Partial lock-up

clarknova

2.0-BETA5 (amd64)
built on Sat Jan 29 18:46:16 EST 2011

Working remotely over https, I had just created a port forward rule with associated firewall rule (on WAN) and applied changes. I then went to the WAN firewall rules page and checked the new rule, then hit the move arrow to move it up. At this point the web UI timed out. I tried reloading the page but it timed out again.

I had an ssh session open to a host on pfsense's LAN side. This session continued responsive, but DNS resolution from the LAN host was failing, and I could not get a ping response from pfsense from the LAN host nor from the remote host (WAN), while normally I can. I tried pinging pfsense's LAN interface by IP address from the LAN host and this too failed. So pfsense continued routing even though it was not otherwise responding on the WAN or LAN interface.

I called my wife at home and had her check the vga console, which appeared normal. She hit Enter and the console reloaded. At this point I had her reboot using console option 5, which worked.

Unbound is installed, but it was more than DNS that failed, so I don't know if it's to blame.

I have a cron job recording the output of netstat -m to /var/log/netstat-m.log every hour, but the file is missing after the reboot. I'm not sure if that's related but I find it odd.

I looked in /var/crash but the only thing there is a 5B file 'minfree' that contains only '2048'.

Is there something else I can look at for clues to the cause of this? Anything else I can check on the console before rebooting if it happens again?

jimp

Could have been mbuf exhaustion or some other similar issue… things to look for might be:

netstat -m
netstat -ni
top -SH

See if anything unusual is taking up the CPU time.

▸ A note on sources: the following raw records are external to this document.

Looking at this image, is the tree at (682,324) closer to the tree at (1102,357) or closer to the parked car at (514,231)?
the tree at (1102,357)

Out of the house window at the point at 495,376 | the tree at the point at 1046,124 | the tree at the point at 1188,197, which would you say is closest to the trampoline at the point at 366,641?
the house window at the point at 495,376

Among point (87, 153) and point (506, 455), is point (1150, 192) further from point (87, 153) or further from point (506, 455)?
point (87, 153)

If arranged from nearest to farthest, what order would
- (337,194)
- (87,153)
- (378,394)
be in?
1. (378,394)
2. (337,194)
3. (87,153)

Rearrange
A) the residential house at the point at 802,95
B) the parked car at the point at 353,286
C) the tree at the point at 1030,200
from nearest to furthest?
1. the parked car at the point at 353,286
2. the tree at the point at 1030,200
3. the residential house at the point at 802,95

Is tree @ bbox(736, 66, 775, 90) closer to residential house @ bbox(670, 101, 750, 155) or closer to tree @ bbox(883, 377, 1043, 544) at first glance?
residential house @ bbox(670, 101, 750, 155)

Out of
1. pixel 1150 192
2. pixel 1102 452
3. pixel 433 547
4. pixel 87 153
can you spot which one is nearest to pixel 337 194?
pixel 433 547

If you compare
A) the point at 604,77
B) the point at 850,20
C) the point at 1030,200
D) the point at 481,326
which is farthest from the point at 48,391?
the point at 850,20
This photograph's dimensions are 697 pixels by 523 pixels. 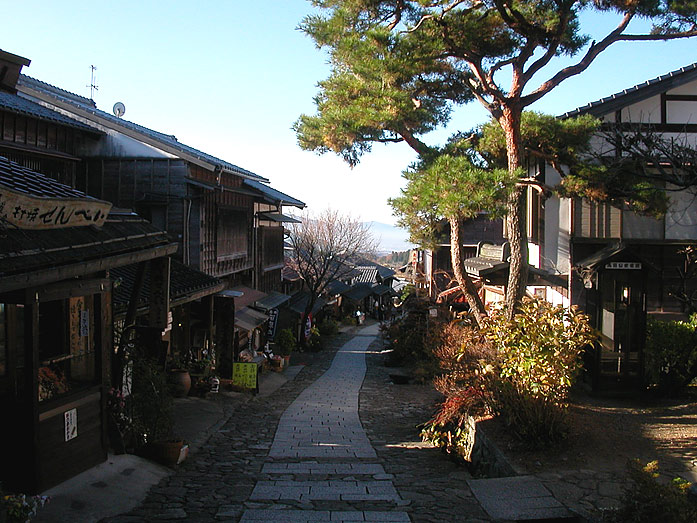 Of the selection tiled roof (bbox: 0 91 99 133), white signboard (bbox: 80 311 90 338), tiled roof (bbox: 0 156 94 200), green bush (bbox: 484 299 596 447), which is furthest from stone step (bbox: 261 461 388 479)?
tiled roof (bbox: 0 91 99 133)

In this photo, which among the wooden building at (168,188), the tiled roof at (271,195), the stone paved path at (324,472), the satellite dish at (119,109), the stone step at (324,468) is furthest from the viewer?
the satellite dish at (119,109)

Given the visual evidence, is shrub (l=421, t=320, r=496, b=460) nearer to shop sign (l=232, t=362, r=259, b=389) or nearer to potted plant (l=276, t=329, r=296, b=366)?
shop sign (l=232, t=362, r=259, b=389)

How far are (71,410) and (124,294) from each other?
4253 millimetres

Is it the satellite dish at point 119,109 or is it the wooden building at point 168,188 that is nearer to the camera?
the wooden building at point 168,188

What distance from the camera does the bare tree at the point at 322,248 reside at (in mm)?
36528

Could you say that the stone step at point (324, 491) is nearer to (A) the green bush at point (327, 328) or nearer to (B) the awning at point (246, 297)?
(B) the awning at point (246, 297)

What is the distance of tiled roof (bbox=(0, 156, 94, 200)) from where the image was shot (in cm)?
597

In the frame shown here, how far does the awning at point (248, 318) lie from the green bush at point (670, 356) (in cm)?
1218

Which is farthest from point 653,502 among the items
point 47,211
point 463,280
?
point 463,280

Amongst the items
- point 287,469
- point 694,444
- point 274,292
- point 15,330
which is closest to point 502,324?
point 694,444

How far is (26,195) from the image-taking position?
5453 mm

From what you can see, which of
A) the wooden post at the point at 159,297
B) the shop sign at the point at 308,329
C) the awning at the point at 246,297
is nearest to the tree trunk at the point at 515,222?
the wooden post at the point at 159,297

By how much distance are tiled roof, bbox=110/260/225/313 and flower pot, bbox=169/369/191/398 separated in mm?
2072

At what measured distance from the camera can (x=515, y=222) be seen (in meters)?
13.6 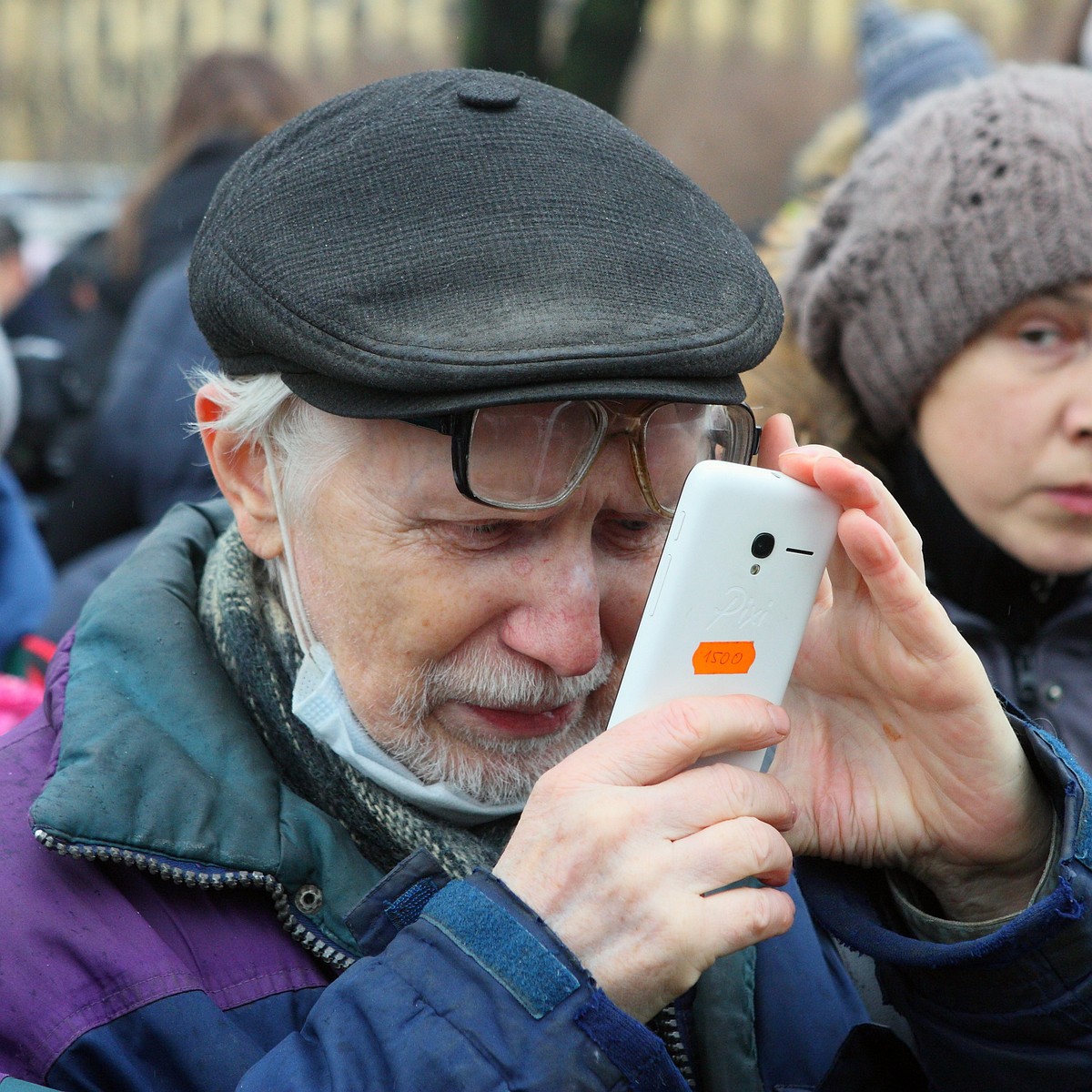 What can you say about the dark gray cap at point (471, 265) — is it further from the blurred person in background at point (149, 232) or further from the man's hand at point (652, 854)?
the blurred person in background at point (149, 232)

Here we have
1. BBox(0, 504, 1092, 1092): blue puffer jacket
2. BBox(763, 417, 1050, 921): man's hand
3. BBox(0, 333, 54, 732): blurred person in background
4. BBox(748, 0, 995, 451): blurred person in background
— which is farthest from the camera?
BBox(0, 333, 54, 732): blurred person in background

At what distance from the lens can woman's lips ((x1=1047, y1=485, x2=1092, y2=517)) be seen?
258 centimetres

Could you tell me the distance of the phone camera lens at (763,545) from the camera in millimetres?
1591

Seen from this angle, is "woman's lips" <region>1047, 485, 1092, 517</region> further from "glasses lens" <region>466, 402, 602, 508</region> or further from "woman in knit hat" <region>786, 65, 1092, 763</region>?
"glasses lens" <region>466, 402, 602, 508</region>

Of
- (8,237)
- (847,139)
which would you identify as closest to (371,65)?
(8,237)

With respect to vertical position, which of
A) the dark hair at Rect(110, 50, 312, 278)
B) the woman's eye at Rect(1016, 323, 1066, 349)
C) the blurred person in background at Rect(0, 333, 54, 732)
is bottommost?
the blurred person in background at Rect(0, 333, 54, 732)

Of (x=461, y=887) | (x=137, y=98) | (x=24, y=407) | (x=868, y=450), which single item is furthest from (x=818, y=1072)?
(x=137, y=98)

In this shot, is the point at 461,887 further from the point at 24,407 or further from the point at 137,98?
the point at 137,98

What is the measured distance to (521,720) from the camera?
182cm

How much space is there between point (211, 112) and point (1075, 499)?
332cm

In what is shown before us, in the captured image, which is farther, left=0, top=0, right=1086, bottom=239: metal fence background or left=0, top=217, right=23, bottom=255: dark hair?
left=0, top=0, right=1086, bottom=239: metal fence background

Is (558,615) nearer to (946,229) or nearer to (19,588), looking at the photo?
(946,229)

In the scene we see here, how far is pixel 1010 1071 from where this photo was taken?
1.72 meters

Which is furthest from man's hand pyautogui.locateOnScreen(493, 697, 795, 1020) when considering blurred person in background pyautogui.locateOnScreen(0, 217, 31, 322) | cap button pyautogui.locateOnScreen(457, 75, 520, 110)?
blurred person in background pyautogui.locateOnScreen(0, 217, 31, 322) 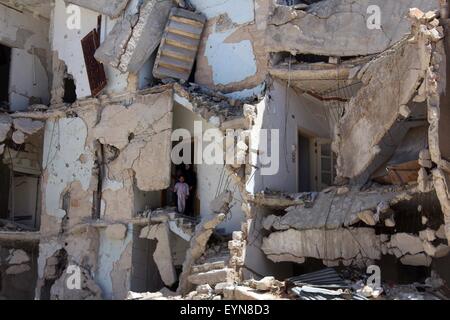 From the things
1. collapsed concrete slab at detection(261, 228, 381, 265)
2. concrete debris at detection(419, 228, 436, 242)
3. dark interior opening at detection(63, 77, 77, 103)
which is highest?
dark interior opening at detection(63, 77, 77, 103)

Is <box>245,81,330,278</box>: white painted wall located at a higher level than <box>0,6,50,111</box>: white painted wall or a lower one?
lower

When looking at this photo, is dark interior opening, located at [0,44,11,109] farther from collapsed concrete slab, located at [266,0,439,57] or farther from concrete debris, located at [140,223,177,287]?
collapsed concrete slab, located at [266,0,439,57]

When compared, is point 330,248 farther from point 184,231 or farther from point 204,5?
point 204,5

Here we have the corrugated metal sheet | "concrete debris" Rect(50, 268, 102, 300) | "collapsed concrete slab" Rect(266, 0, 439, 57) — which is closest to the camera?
"collapsed concrete slab" Rect(266, 0, 439, 57)

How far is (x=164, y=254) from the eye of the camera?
16.7 meters

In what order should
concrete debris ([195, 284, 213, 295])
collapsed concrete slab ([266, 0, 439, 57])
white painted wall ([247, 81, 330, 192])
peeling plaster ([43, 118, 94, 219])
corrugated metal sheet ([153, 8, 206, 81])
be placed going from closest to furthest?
concrete debris ([195, 284, 213, 295]) < white painted wall ([247, 81, 330, 192]) < collapsed concrete slab ([266, 0, 439, 57]) < corrugated metal sheet ([153, 8, 206, 81]) < peeling plaster ([43, 118, 94, 219])

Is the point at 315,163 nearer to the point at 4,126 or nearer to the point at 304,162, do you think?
the point at 304,162

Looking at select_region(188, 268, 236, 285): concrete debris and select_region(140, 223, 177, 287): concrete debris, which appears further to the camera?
select_region(140, 223, 177, 287): concrete debris

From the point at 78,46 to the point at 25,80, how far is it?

Upgrade ASAP to a snap from 2/2 or later though so you can rule out the FTP proxy as a possible cause as well.

/var/crash only gets data in the case of a kernel panic - not a slowdown or hang.

clarknova

I was recording netstat -m to a log file hourly. Not sure why the file disappeared on reboot, but mbufs were x/7500 minutes before the wheels came off. The "max mbuf clusters" value reported by netstat -m is invariably 32768, and my total was nowhere near that number shortly before the problem occurred.

I will update to the latest snap tonight and try again. Do you know why my log file (/var/log/netstat-m.log) would have disappeared during the lock-reboot process? This is a full install.

jimp

the log folder is usually kept, I thought… though the actual clog files are reset.

You might try writing it in /root/ just to see if it makes a difference.

_igor_

Have the same lock-ups since Feb/02 update. Webinterface completely stops responding. Normally after restarting the webconfigurater twice! it works again - after waiting about 30sec to 1 minute. No log-entries, nor any log-entry which tells the restart of lighty. Strange.

It happens really often, sometimes calling log-files, sometimes when i try to call a service-page, so at every possible page i try to call. top shows nothing: 100% idle. Rest of the function seems to be "normal": I can surf internet, all services seem to work as normal.

Today when it happened, unbound died just at the same moment. Never happened before, so it was maybe a pure coincidence.

jimp

Update to the Feb 3 snapshot and see if it can still be reproduced. I'm not sure if it'll really impact this particular issue, but several other patches were added yesterday evening to fix other issues.

mromero

On i386 of 3 Feb just had a hard lockup.

On reboot I noticed "No Core Dump" message as messages were flying past,

Borat still smiling.

Upgrading to today's snapshot. Wish me luck.